# Work to complete:
Only the pictures should be dropped; every line of the data must come back exactly as written.
[Records to use — start]
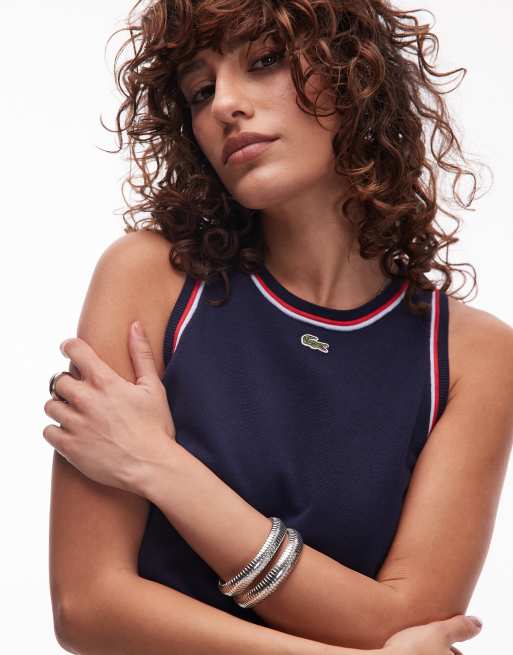 Lacoste - Gebreide tanktop in marineblauw met blauw en witte biezen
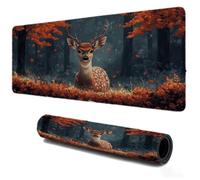 Tapis de Souris Gaming 800x300, Mousepad de Bureau pour Jeux, Base en Caoutchouc Tapis Antidérapant avec Bords Cousus, pour Domicile Travail Clavier Ordinateur Portable (Sika Cerf Automne) S-354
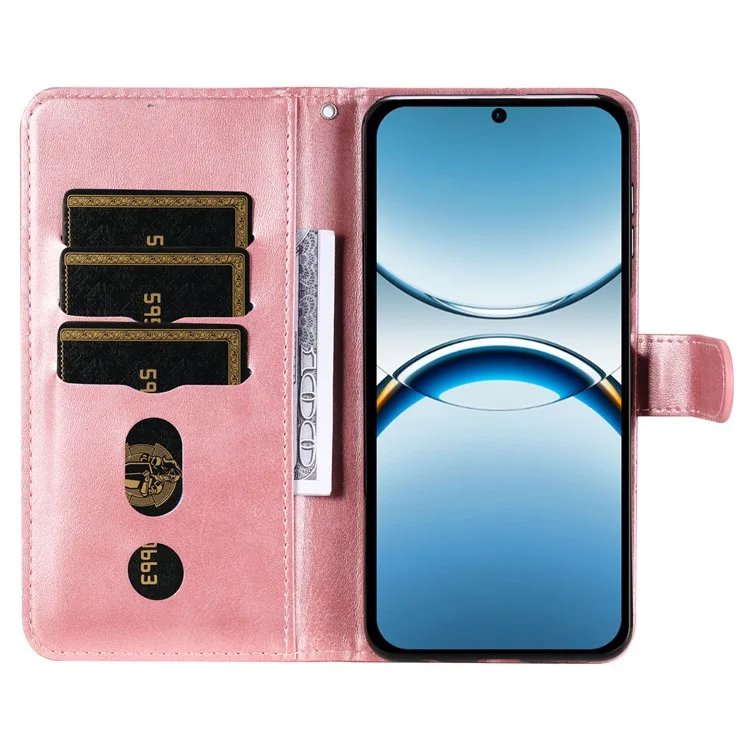 Étui portefeuille zippé pour Oppo Find X8 5G, texture veau, en cuir PU - Rose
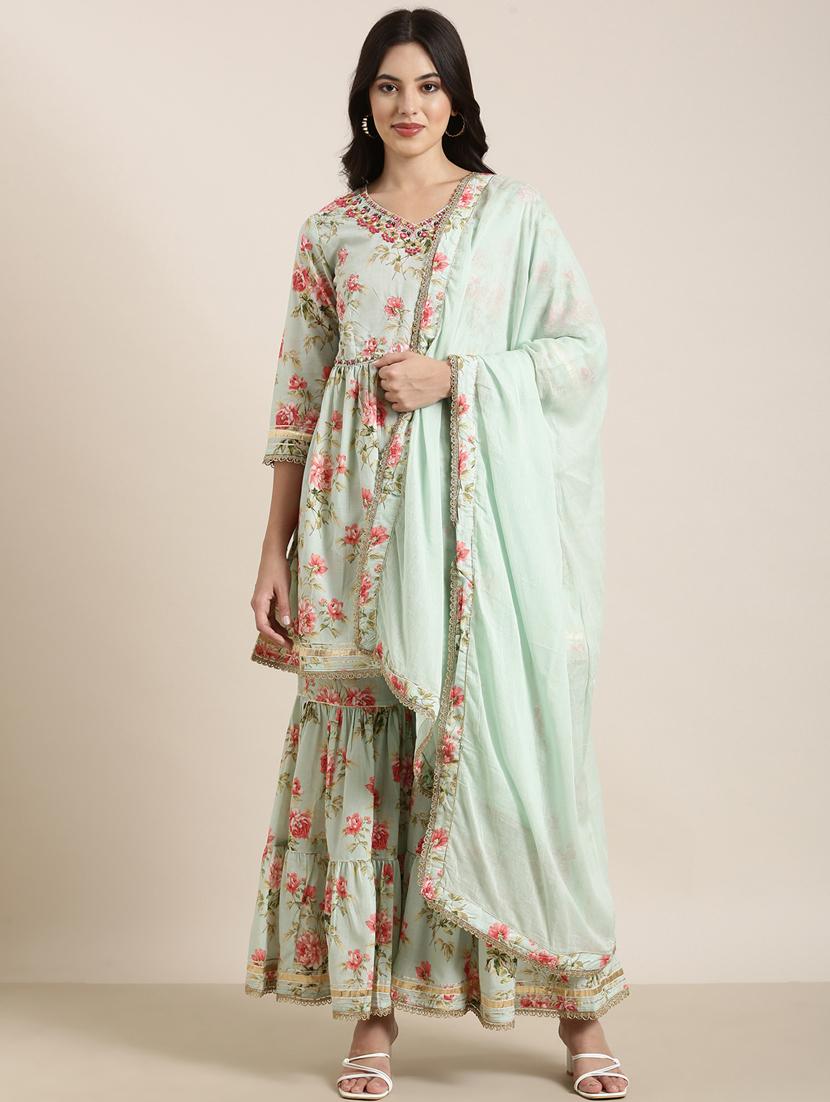 women sea green floral printed kurta sharara set with dupatta - 20961206 - Standard Image - 1
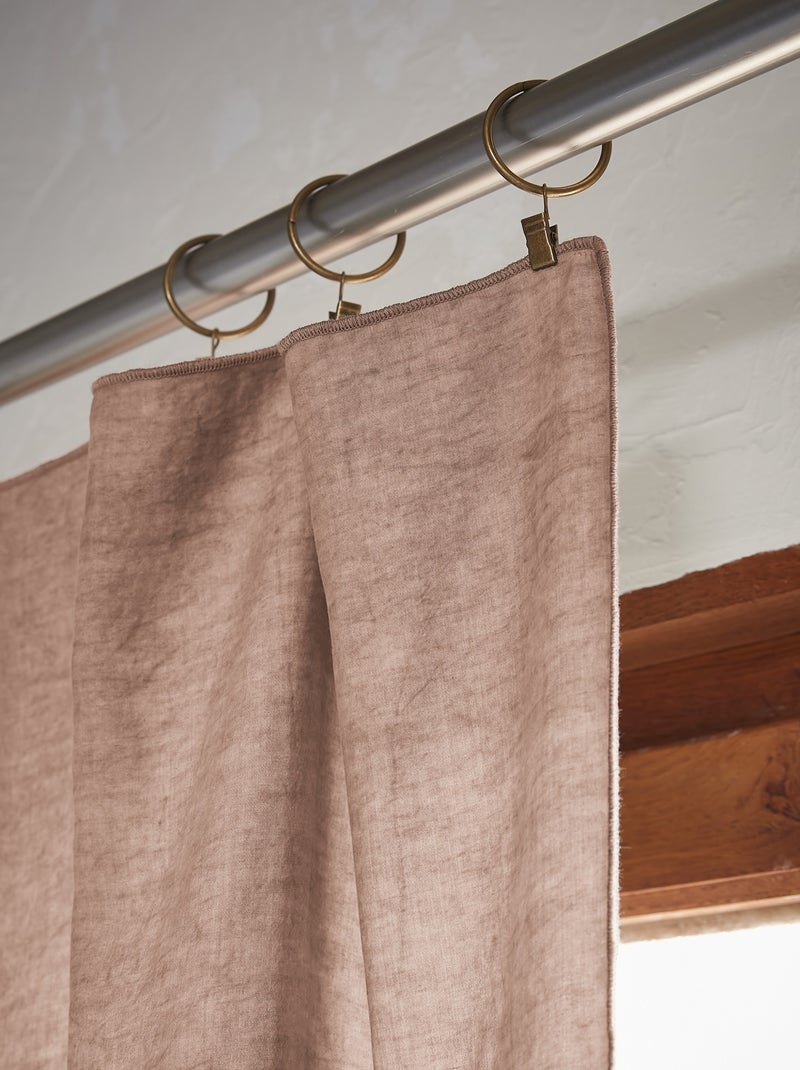 Rideau ajustable LYSANDRE + 8 anneaux pince Rose - Kiabi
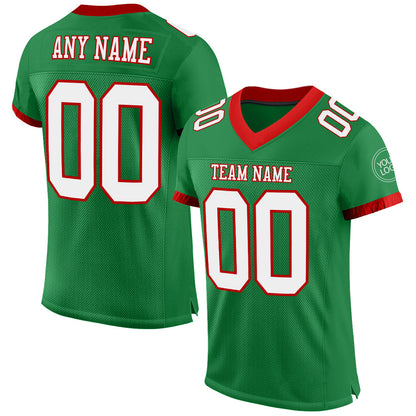 Custom Grass Green White-Red Mesh Authentic Football Jersey - Sky-Custom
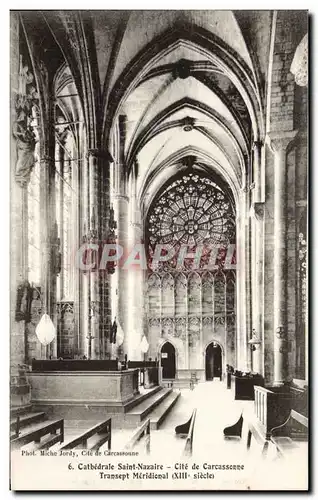 Cartes postales Cathedrale Saint Nazaire Cite de Carcassonne Transept Mcridienal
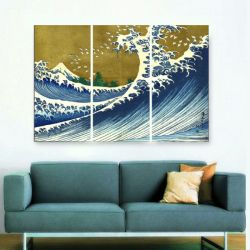 Hokusai The Big wave colours Τριπλός Multipanel Πίνακας σε Καμβά Κατσουσίκα Χοκουσάι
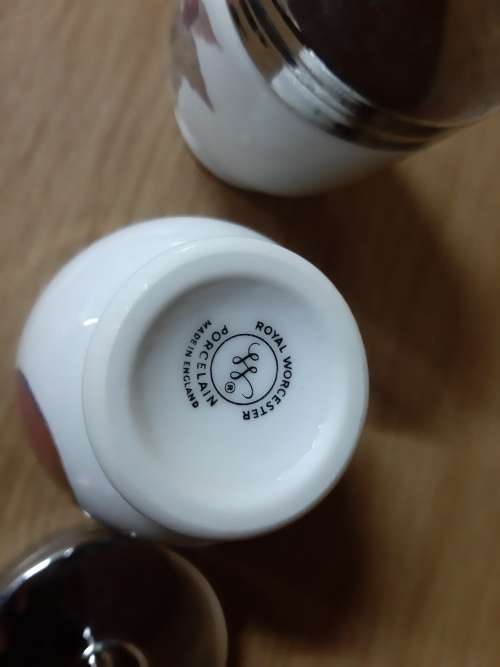 Boxed pair Royal Worcester Egg Coddlers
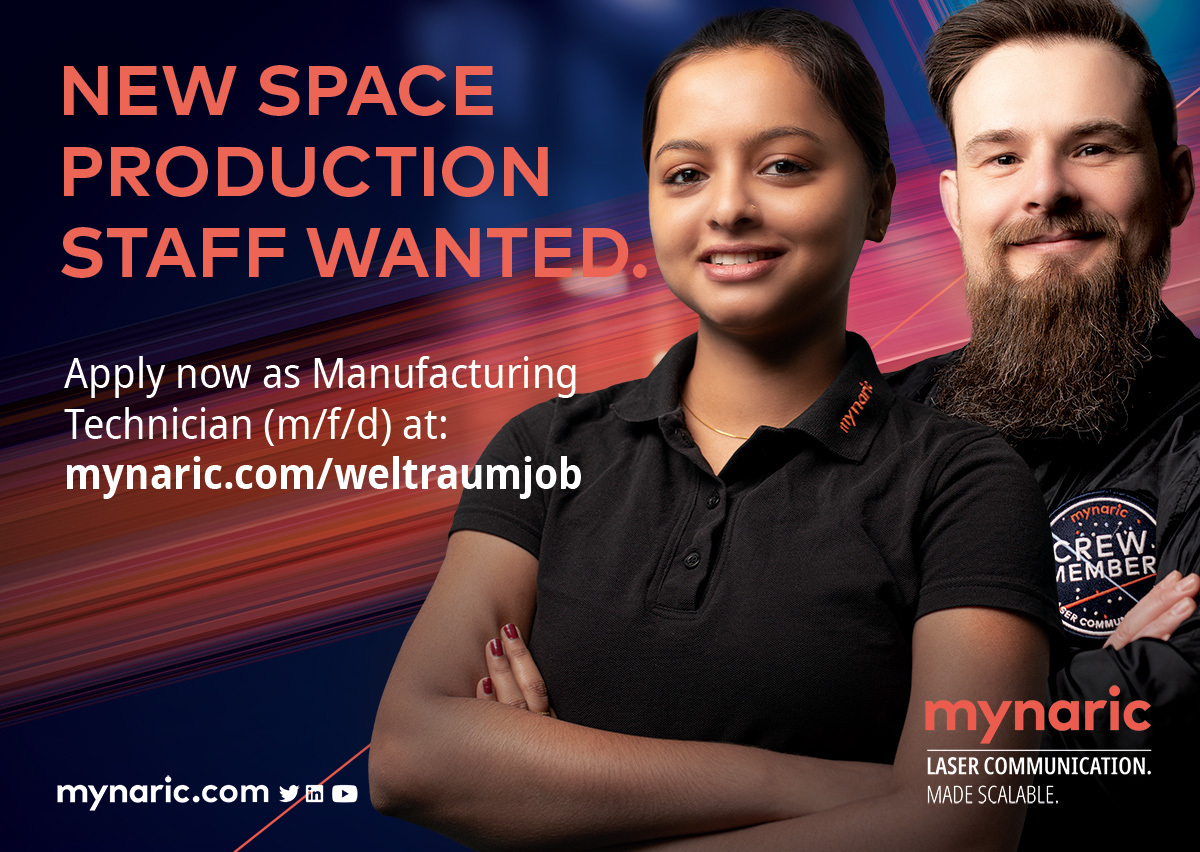 Our production team is expanding, and we are looking for new members to help us lead the industrial age of #LaserCommunications. Get hands-on experience developing high-tech hardware for space, airborne and mobile missions. 🚀🛰️ More info: mynaric.com/weltraumjob-en/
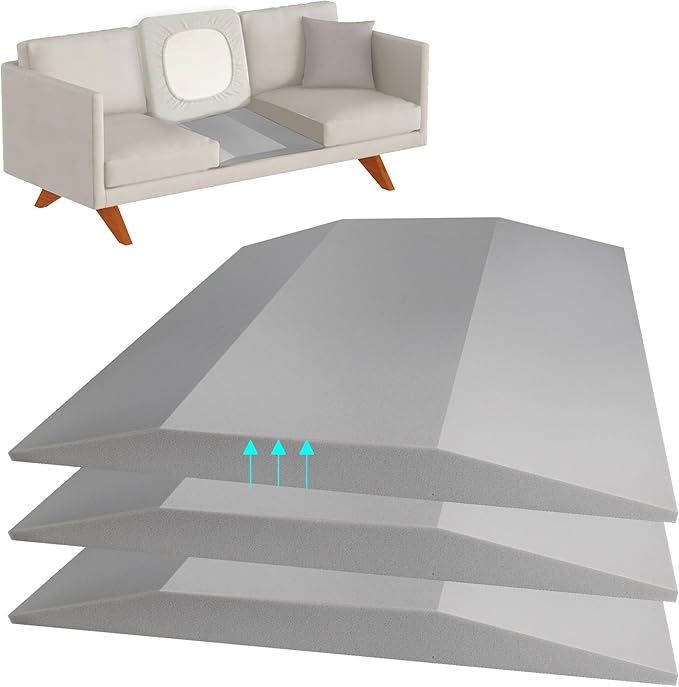 3 Pcs Couch Cushion Support for Sagging Seat High Density Trapezoidal Couch Supports for Sagging Cushions Grey Sofa Cushion Support Under Couch Cushion Support Fixes The Sag Problem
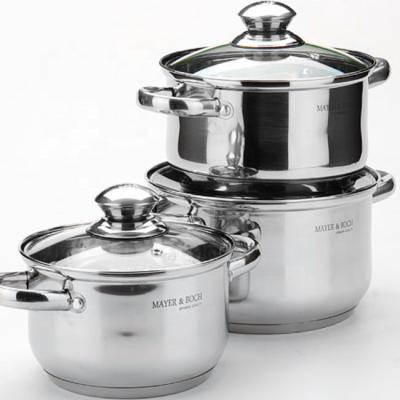 China Sustainable 6 Pcs Stainless Steel Cookingware Sets Casserole Kitchenware Ollas Cookware Sets Cooking Pot Set for sale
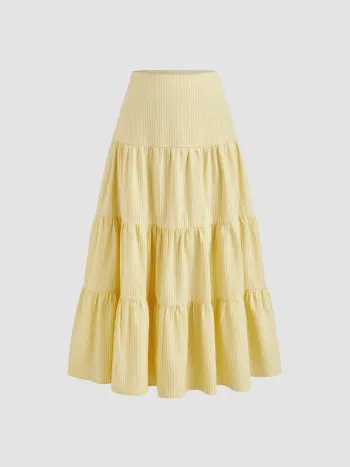 Cotton-blend Mid Rise Stripe Tiered Maxi Skirt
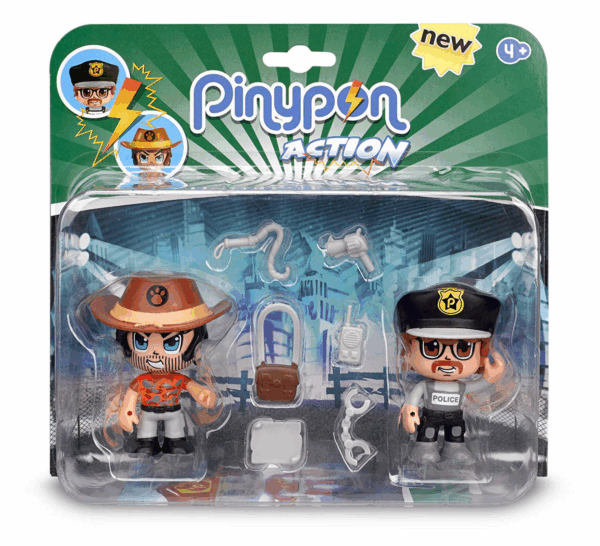 Pinypon action pack aventurero y policia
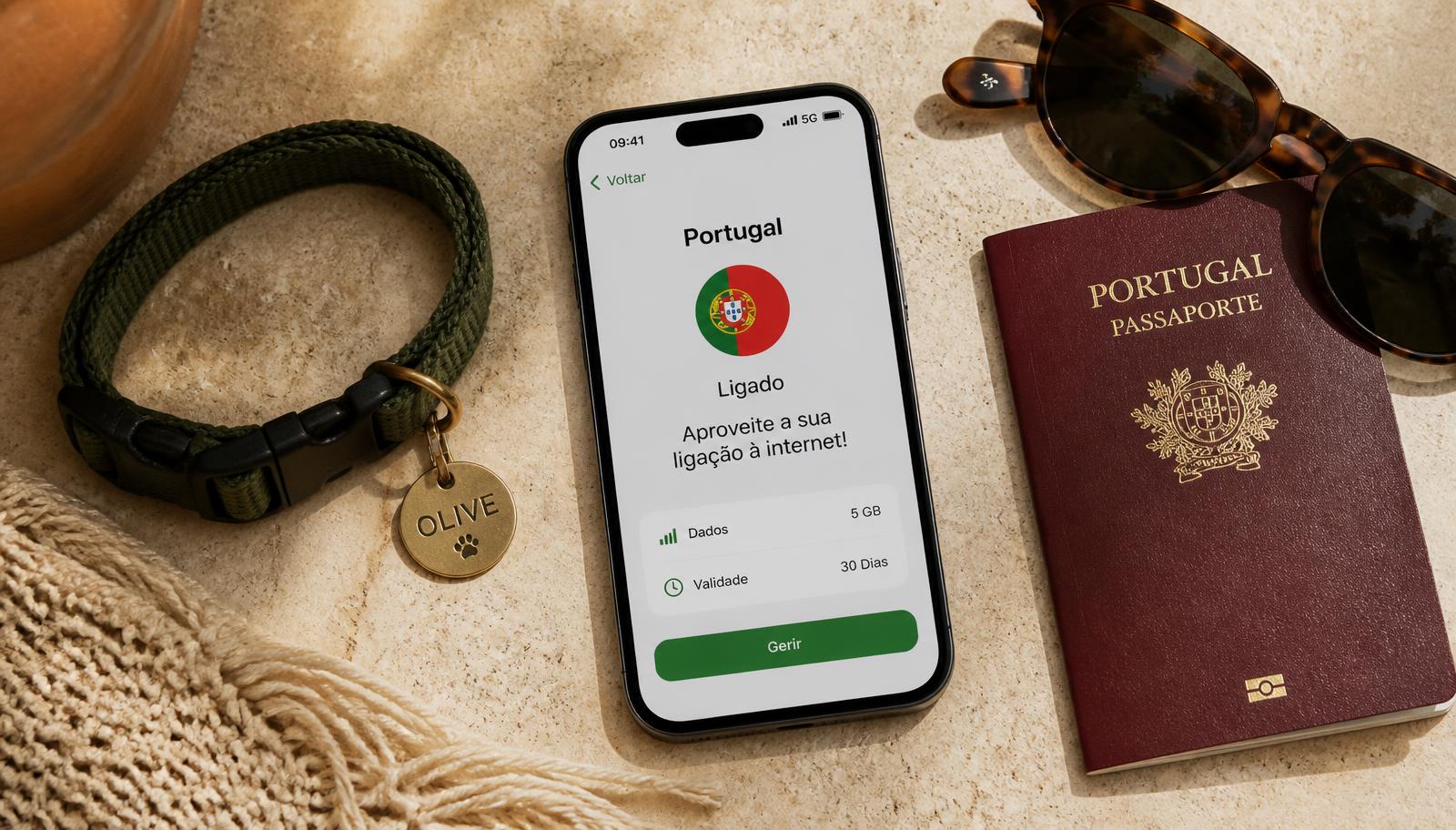 A phone showing a Portugal eSIM data plan beside a passport and a dog collar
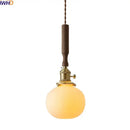 GobekUsa Ceramic Walnut Copper LED Pendant Light Chandelier for Bedroom Living Room
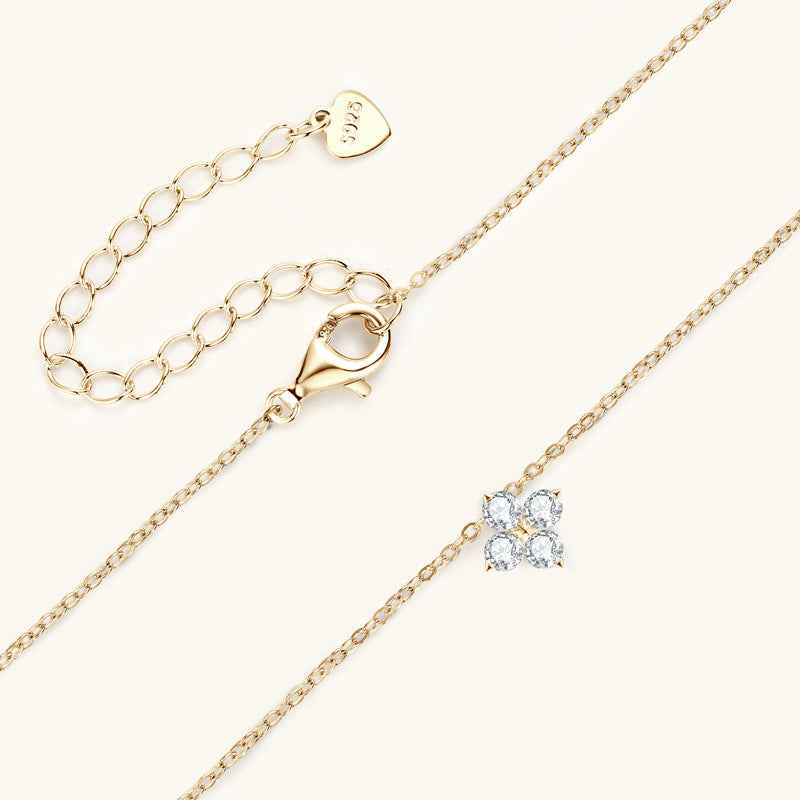Four-Leaf Clover Moissanite Necklace - S925 Sterling Silver with Gold or White Finish, 0.4ct
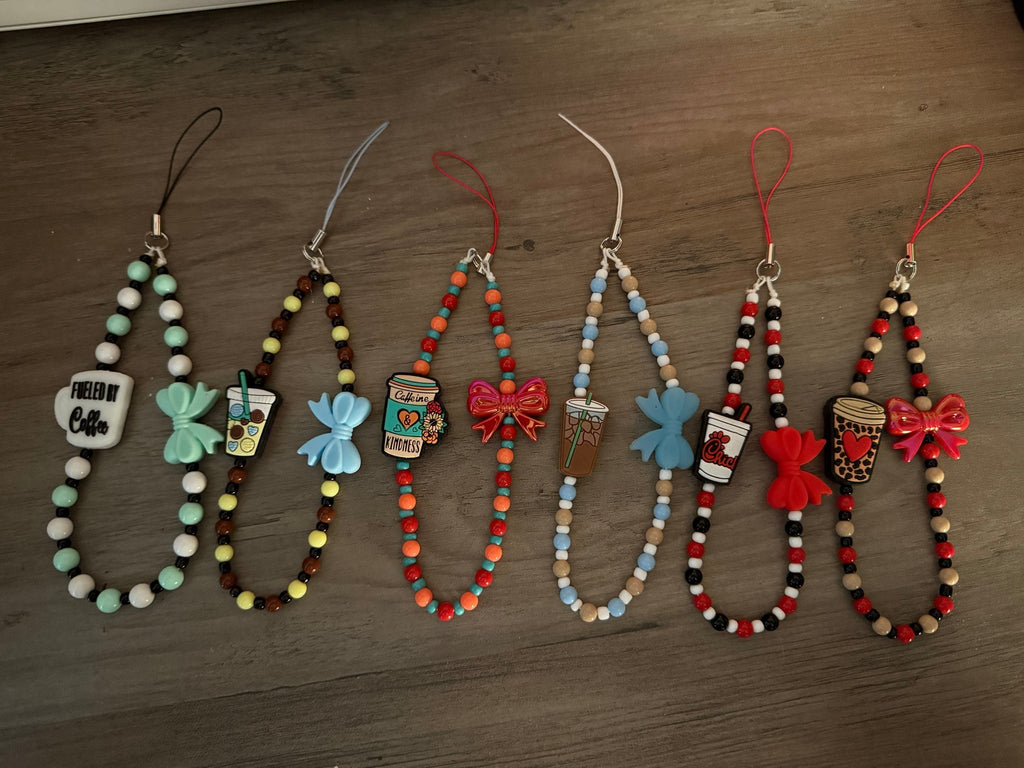Coffee, Bows & Colorful Beaded Phone Charms | Cute Handmade Wristlet Charms | Fun Phone Accessories - Linnea’s Cute Creationz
[Records to use — finish]
# Result of this exercise:
 Lacoste - Gebreide tanktop in marineblauw met blauw en witte biezen
 Tapis de Souris Gaming 800x300, Mousepad de Bureau pour Jeux, Base en Caoutchouc Tapis Antidérapant avec Bords Cousus, pour Domicile Travail Clavier Ordinateur Portable (Sika Cerf Automne) S-354
 Étui portefeuille zippé pour Oppo Find X8 5G, texture veau, en cuir PU - Rose
 women sea green floral printed kurta sharara set with dupatta - 20961206 - Standard Image - 1
 Rideau ajustable LYSANDRE + 8 anneaux pince Rose - Kiabi
 Custom Grass Green White-Red Mesh Authentic Football Jersey - Sky-Custom
 Cartes postales Cathedrale Saint Nazaire Cite de Carcassonne Transept Mcridienal
 Hokusai The Big wave colours Τριπλός Multipanel Πίνακας σε Καμβά Κατσουσίκα Χοκουσάι
 Boxed pair Royal Worcester Egg Coddlers
 Our production team is expanding, and we are looking for new members to help us lead the industrial age of #LaserCommunications. Get hands-on experience developing high-tech hardware for space, airborne and mobile missions. 🚀🛰️ More info: mynaric.com/weltraumjob-en/
 3 Pcs Couch Cushion Support for Sagging Seat High Density Trapezoidal Couch Supports for Sagging Cushions Grey Sofa Cushion Support Under Couch Cushion Support Fixes The Sag Problem
 China Sustainable 6 Pcs Stainless Steel Cookingware Sets Casserole Kitchenware Ollas Cookware Sets Cooking Pot Set for sale
 Cotton-blend Mid Rise Stripe Tiered Maxi Skirt
 Pinypon action pack aventurero y policia
 A phone showing a Portugal eSIM data plan beside a passport and a dog collar
 GobekUsa Ceramic Walnut Copper LED Pendant Light Chandelier for Bedroom Living Room
Four-Leaf Clover Moissanite Necklace - S925 Sterling Silver with Gold or White Finish, 0.4ct
Coffee, Bows & Colorful Beaded Phone Charms | Cute Handmade Wristlet Charms | Fun Phone Accessories - Linnea’s Cute Creationz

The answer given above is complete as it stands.